A New Slice on Physics
Plato considered it first.
What if everything we hold dear is but a thin slice of some larger, unreachable reality, like a flickering shadow cast on the craggy wall of a cave? What if the moon and stars, your home, your thoughts, your cat, are but projections on this wall -- mere suggestions of unfathomable realms beyond?
In the last few years, a mathematically rigorous version of Plato's 2,000-year-old thought experiment has been refashioning the way physicists think about everything from subatomic particles to the Big Bang. The universe we see, according to this scenario, is stuck on a thin membrane of space-time embedded in a much larger cosmos. And our membrane may be only one of many, all of which may warp, wiggle, connect and collide with one another in as many as 10 dimensions. Physicists call this new frontier the "brane world."
The idea could help solve a long list of outstanding mysteries.

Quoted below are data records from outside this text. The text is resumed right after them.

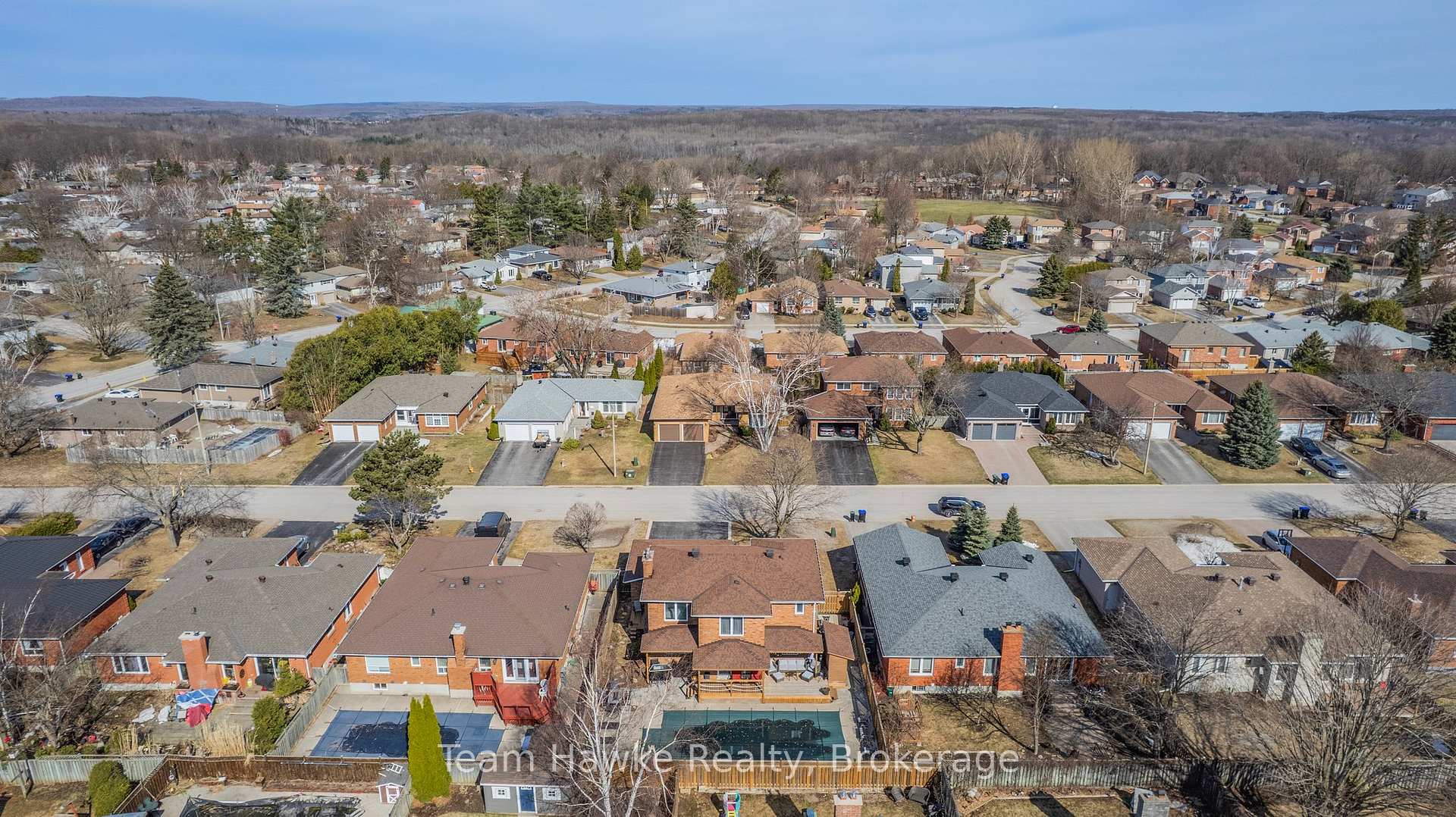 Photo 43 of 953 Playfair Road, Midland — HOMEH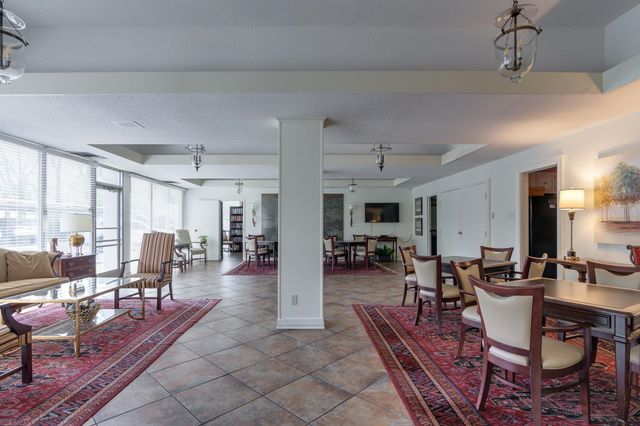 232 S Highland St Apt 303, Memphis, TN 38111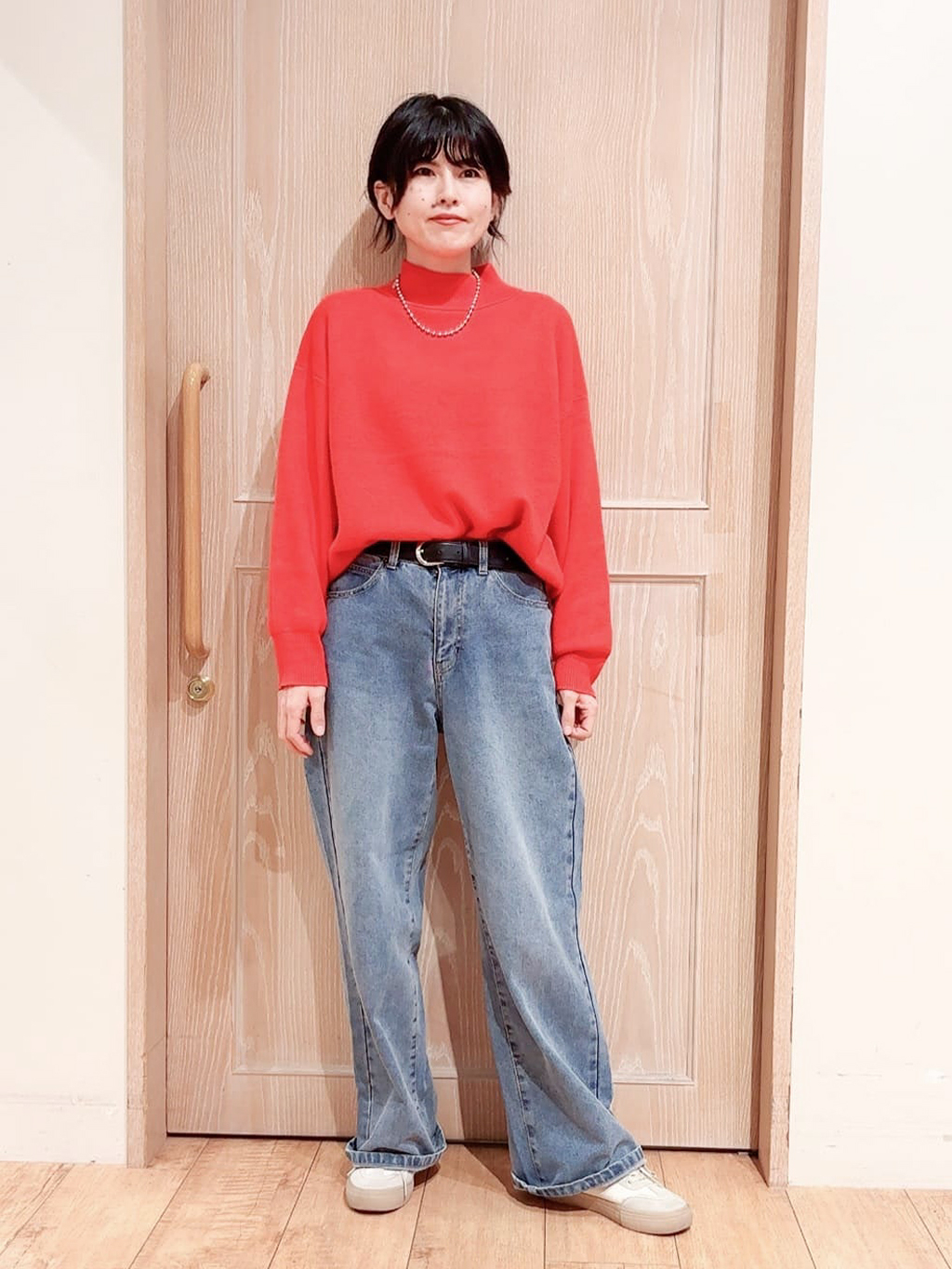 しまもさんの「SHOO･LA･RUE｜【洗える/毛玉レス】表面がきれいなハイネックバックスリットニット」を使ったコーディネート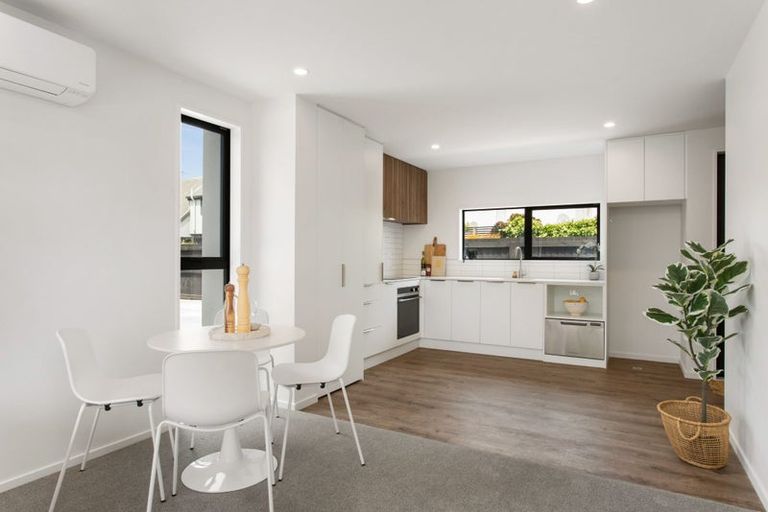 Photo of property in 4/13 Goldsmith Place, Waltham, Christchurch, 8023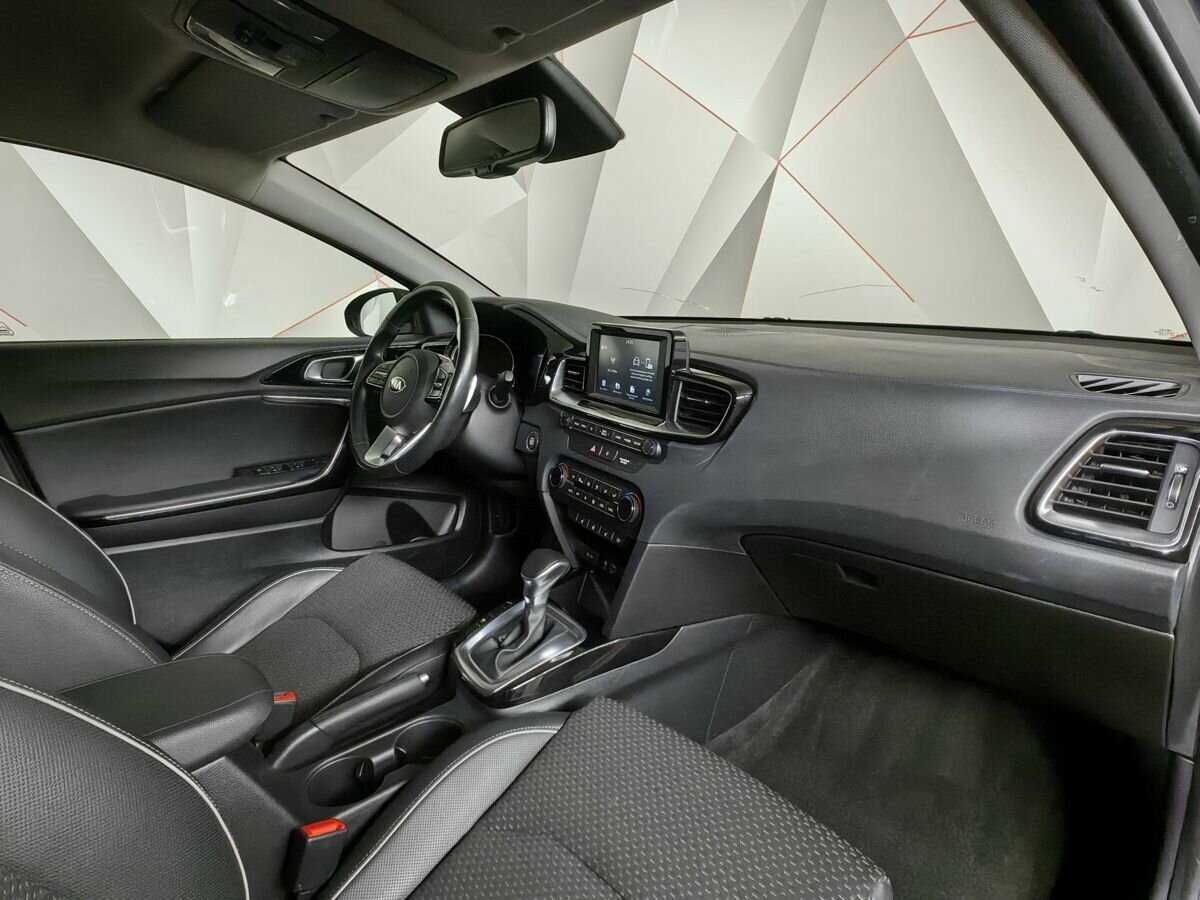 Kia Ceed с пробегом — 2019 год. Фото: #8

Among them: What is the "dark matter" that seems to make up 90% of the universe? And why is gravity trillions of times weaker than electromagnetism?
The revolution was set off in the mid-1990s when UC Santa Barbara physicist Joe Polchinski determined through mathematics that branes were a surface to which things attach, like hair to skin -- except the "things" in this case were the minuscule "strings" that may well be the fundamental ingredients of the universe.
"I was just fiddling around with mathematics
Alan Guth of the Massachusetts Institute of Technology, creator of the currently accepted version of the Big Bang, said recently he felt a little like Rip Van Winkle -- picking up his head from a long sleep only to notice that the landscape of physics he thought he knew had suddenly, drastically, changed.
Stephen Hawking of the University of Cambridge, among others, envisions brane worlds bubbling up out of the void, giving rise to whole new universes. He ends his latest book, "The Universe in a Nutshell," with a call to explore this "brane new world."
One might well wonder why such a seemingly bizarre concept has attracted so many well-established physicists. The short answer is: desperation.
The laws of nature that describe the large-scale universe to an astonishing degree of precision (Einstein's general relativity) are incompatible with the laws that describe the small-scale universe with the same astonishing exactness (quantum theory). This means either that one of these well-tested theories is wrong (all but inconceivable) or that there is some larger, more encompassing theory that somehow accommodates both.